### INSTRUCTIONS TO FOLLOW
The answer must consist only of the lines from the line with "Festuca scabriculmis" to the line with "Applying nose ointment", both included, exactly as they stand below.

#### RECORDS SUPPLIED ####

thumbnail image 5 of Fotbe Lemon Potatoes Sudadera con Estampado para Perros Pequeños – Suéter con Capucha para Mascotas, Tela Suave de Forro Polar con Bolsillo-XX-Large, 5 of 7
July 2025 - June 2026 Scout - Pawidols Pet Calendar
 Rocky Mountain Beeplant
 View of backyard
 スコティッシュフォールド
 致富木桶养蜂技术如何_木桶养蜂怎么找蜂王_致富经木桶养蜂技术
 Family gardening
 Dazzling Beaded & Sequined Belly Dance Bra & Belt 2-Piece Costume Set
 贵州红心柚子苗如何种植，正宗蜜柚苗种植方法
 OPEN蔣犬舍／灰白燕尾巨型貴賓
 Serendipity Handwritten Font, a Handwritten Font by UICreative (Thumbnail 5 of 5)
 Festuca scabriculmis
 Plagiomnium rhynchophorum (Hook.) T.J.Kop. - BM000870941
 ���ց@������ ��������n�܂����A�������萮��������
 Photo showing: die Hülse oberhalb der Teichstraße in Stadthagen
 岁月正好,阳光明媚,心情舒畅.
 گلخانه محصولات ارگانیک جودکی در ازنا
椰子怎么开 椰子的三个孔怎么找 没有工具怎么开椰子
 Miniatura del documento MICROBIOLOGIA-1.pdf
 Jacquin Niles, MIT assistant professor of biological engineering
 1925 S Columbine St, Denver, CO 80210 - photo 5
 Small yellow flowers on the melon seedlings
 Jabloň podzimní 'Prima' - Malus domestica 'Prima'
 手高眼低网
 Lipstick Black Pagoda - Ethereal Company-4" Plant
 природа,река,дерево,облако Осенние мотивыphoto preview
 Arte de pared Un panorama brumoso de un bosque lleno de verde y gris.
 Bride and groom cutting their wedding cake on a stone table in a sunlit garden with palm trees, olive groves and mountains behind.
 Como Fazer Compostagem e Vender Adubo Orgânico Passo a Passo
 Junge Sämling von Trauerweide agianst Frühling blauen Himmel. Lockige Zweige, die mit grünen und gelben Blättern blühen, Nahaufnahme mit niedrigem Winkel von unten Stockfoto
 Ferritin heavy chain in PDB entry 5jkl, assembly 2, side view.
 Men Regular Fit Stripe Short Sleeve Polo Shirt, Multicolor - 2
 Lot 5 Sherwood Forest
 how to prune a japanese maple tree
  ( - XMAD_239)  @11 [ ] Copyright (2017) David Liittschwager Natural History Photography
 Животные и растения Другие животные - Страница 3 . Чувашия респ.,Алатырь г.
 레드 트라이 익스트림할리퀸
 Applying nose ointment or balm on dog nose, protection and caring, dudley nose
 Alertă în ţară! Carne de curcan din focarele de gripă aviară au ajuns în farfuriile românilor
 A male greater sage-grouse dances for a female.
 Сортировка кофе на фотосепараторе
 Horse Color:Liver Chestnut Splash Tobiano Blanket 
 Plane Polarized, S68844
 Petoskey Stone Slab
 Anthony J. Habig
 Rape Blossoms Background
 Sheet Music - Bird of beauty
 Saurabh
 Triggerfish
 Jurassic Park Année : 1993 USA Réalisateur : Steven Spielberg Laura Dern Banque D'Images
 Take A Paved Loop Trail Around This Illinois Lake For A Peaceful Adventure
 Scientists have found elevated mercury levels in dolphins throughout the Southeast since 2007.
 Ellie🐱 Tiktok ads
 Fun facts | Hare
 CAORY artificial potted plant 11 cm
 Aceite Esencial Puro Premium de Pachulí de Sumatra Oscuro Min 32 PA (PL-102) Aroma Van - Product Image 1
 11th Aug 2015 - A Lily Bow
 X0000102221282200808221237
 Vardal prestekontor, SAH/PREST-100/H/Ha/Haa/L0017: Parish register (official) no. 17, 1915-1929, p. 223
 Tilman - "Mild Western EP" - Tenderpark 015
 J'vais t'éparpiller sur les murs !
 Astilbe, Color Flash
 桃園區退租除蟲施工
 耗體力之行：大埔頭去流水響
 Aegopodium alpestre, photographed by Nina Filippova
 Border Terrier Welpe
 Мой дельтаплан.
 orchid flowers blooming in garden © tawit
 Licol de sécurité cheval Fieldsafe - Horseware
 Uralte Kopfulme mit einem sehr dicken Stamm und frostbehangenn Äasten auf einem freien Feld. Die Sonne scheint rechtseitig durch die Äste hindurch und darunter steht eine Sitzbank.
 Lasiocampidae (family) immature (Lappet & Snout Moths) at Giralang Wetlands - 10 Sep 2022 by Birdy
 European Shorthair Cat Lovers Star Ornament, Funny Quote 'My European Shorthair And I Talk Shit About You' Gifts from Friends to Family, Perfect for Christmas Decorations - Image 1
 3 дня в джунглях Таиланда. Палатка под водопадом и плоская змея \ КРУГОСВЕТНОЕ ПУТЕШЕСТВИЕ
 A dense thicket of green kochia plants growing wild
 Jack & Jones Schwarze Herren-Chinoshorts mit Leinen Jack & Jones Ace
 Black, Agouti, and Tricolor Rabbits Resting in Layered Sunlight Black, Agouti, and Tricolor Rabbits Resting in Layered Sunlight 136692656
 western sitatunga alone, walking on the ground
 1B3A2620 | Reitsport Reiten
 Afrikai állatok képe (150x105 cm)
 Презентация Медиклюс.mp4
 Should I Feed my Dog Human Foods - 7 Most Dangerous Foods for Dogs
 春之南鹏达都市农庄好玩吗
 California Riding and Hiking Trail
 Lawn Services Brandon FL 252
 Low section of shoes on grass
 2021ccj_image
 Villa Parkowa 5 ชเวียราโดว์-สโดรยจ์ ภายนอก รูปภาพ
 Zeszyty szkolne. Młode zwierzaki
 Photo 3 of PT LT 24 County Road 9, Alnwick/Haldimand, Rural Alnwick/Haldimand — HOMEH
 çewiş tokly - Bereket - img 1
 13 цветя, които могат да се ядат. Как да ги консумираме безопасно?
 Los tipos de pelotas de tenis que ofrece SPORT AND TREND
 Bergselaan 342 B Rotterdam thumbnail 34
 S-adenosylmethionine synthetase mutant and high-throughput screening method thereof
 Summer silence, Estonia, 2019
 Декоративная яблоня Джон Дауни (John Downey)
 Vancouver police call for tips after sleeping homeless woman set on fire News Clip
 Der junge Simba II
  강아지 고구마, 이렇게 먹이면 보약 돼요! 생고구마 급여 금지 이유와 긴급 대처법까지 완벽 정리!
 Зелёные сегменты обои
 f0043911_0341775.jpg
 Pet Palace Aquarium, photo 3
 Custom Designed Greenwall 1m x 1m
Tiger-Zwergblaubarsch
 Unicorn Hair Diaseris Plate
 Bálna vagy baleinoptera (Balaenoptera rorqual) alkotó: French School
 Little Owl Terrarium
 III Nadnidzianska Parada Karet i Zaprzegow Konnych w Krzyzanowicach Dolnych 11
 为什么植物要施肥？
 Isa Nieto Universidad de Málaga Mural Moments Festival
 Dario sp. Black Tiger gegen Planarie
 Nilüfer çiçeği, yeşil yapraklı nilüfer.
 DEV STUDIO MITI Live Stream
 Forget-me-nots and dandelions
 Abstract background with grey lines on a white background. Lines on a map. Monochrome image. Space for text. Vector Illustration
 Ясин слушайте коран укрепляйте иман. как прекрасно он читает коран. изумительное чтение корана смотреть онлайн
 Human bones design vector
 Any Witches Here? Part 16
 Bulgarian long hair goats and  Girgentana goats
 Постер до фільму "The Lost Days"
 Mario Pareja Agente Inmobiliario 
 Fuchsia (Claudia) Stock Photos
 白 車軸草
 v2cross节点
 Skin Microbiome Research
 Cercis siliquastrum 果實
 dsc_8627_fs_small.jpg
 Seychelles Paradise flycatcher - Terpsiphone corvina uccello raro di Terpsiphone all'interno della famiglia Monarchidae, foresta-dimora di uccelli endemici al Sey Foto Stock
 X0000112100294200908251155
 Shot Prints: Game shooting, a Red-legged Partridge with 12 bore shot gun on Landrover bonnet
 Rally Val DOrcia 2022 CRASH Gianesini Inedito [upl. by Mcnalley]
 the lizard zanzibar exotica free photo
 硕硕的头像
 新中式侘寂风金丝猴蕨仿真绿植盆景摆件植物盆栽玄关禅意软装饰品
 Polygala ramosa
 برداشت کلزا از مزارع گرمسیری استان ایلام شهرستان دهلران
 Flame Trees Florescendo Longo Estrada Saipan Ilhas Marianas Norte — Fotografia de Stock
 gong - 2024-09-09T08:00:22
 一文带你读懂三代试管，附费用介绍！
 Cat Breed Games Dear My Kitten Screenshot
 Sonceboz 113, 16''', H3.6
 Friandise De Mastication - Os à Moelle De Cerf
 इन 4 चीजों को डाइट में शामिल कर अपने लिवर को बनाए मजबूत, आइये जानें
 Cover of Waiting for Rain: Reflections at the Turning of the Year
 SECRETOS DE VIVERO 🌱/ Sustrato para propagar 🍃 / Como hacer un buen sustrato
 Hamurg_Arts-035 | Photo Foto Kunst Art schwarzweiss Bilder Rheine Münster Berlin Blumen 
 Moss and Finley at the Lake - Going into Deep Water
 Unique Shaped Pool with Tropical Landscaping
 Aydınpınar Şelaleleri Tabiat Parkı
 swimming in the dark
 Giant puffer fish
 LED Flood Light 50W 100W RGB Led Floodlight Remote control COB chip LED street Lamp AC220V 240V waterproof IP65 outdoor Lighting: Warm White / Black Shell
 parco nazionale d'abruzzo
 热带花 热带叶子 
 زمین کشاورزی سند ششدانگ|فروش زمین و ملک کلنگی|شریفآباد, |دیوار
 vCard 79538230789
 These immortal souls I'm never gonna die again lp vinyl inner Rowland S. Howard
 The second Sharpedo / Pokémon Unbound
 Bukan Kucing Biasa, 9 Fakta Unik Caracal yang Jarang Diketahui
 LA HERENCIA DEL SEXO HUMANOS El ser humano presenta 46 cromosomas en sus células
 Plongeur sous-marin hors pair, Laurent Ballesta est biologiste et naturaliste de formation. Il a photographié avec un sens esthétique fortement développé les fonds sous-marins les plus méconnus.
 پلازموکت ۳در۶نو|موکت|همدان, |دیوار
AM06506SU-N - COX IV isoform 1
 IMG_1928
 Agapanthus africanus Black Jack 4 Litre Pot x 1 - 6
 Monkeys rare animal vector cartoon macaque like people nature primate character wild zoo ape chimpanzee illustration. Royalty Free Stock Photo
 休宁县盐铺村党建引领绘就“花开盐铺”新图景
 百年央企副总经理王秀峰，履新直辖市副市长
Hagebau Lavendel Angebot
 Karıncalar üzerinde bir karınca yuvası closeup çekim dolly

####

### SOLUTION
 Festuca scabriculmis
 Plagiomnium rhynchophorum (Hook.) T.J.Kop. - BM000870941
 ���ց@������ ��������n�܂����A�������萮��������
 Photo showing: die Hülse oberhalb der Teichstraße in Stadthagen
 岁月正好,阳光明媚,心情舒畅.
 گلخانه محصولات ارگانیک جودکی در ازنا
椰子怎么开 椰子的三个孔怎么找 没有工具怎么开椰子
 Miniatura del documento MICROBIOLOGIA-1.pdf
 Jacquin Niles, MIT assistant professor of biological engineering
 1925 S Columbine St, Denver, CO 80210 - photo 5
 Small yellow flowers on the melon seedlings
 Jabloň podzimní 'Prima' - Malus domestica 'Prima'
 手高眼低网
 Lipstick Black Pagoda - Ethereal Company-4" Plant
 природа,река,дерево,облако Осенние мотивыphoto preview
 Arte de pared Un panorama brumoso de un bosque lleno de verde y gris.
 Bride and groom cutting their wedding cake on a stone table in a sunlit garden with palm trees, olive groves and mountains behind.
 Como Fazer Compostagem e Vender Adubo Orgânico Passo a Passo
 Junge Sämling von Trauerweide agianst Frühling blauen Himmel. Lockige Zweige, die mit grünen und gelben Blättern blühen, Nahaufnahme mit niedrigem Winkel von unten Stockfoto
 Ferritin heavy chain in PDB entry 5jkl, assembly 2, side view.
 Men Regular Fit Stripe Short Sleeve Polo Shirt, Multicolor - 2
 Lot 5 Sherwood Forest
 how to prune a japanese maple tree
  ( - XMAD_239)  @11 [ ] Copyright (2017) David Liittschwager Natural History Photography
 Животные и растения Другие животные - Страница 3 . Чувашия респ.,Алатырь г.
 레드 트라이 익스트림할리퀸
 Applying nose ointment or balm on dog nose, protection and caring, dudley nose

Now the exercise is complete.